Made in Manchester
In Pevsner’s South Lancashire edition of ‘The Buildings of England’ series, his judgement of building development at the Victoria University of Manchester was predictably harsh: ‘Architecturally it is a sad record,’ he trumpeted. This judgement was of the late 1960s, and in any case was limited to the previous half-century, but Pevsner was correct in his criticism of the university’s record of building procurement; whereas other northern civic universities had had the wit to commission the progressive practices of the day such as Spence, Lasdun, and yrm, Manchester patronised local worthy-but-dull firms (with the notable exception of Cruickshank and Seward). Moreover, such buildings were deployed within Hubert Worthington’s depressingly uninspired axial masterplan.
Such is the less-than-stimulating context for Stephen Hodder’s brilliant new Career Services Unit at the northern edge of the university precinct. Hodder has been ill-served by the subsequent masterplanner, Austin-Smith:Lord, which blighted both eastern and western boundaries of the campus with multi-storey car parks, one of which, an indescribably banal affair by FaulknerBrowns, looms menacingly, adjacent to Hodder’s site.
Although sited originally within Wilson and Womersley’s Precinct Centre, the csu, founded in 1972, is now a limited company, and quite separate from the university. Offering nationwide careers advice to undergraduates and graduates, the unit also designs and distributes self-searching software for university careers advisers. Hodder’s 1995 competition-winning entry sought to bring the csu, then operating from two sites, on to a single campus location.
The brief was straightforward: the building had to meet the dual requirements of designing and delivering a sophisticated careers service with its associated software, while at the same time catering for sales and distribution. There was also need for meeting rooms and ‘executive’ suites remote from production areas. In lesser hands, such an apparently undemanding brief could well have led to ‘generic’ office typology; but what distinguishes Hodder’s solution is its uniqueness, a highly crafted building which responds imaginatively to the brief and enriches its environs.

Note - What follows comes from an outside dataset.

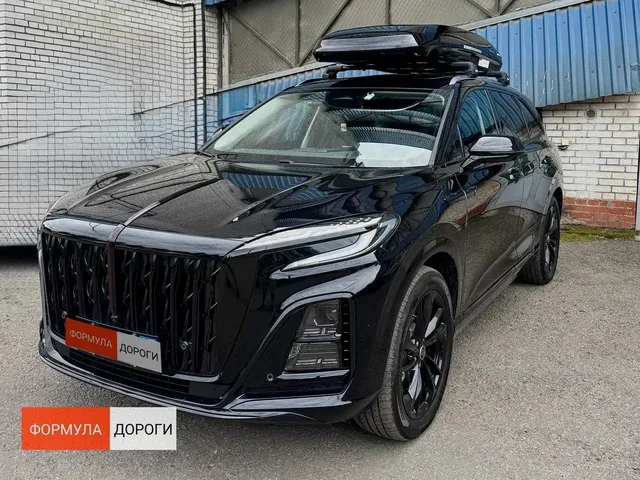 ENROAD на Hongqi HS3: автобокс ENROAD Nomadix Pro XL Slim 400-E, цвет «Чёрный» — дополнительный ракурс автомобиля с установленным автобоксом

The site is adjacent to other central facilities: a cuboid, brick computer centre designed by Building Design Partnership in the late 1960s, and a much less assured information technology centre designed by the same practice almost two decades later. To the west lies the undistinguished Roman Catholic chaplaincy, also clad in unremitting smooth red brick.
Hodder’s masterstroke has been to use his building as a catalyst to stitch its three neighbours together into a convincing collegiate courtyard typology, a simple and obvious device for this urban campus which architects from Waterhouse to Grenfell-Baines had attempted previously with varying degrees of success. Not only does the csu building define the courtyard, it also creates new ‘thresholds’ by leaving minimal gaps between itself and its neighbours. This transforms a mature but previously exposed area of planting into a quiet oasis, a welcome relief in this harsh urban environment, and a valuable model for informing subsequent infill buildings on the campus.
Having established a courtyard from two three-storey linear blocks at right angles, Hodder seizes upon the interface as a ‘knuckle’ to define an entrance from Clifford Street at the ‘hard’ northern extremity. The ‘soft’ side to the south provides a fitting climax to the route through the lush mature landscape of the courtyard.
The csu is a building of modest size which responds to a broader urban context of heroic scale, but also to the more intimate presence of the courtyard, which the building itself defines and creates. Hodder has solved this apparent conflict by invoking two familiar devices: a reinterpretation of the English collegiate garden wall, and a dramatic ordering of building elements to generate elevations of differing scale to address a hard, urban edge and a soft, intimate courtyard.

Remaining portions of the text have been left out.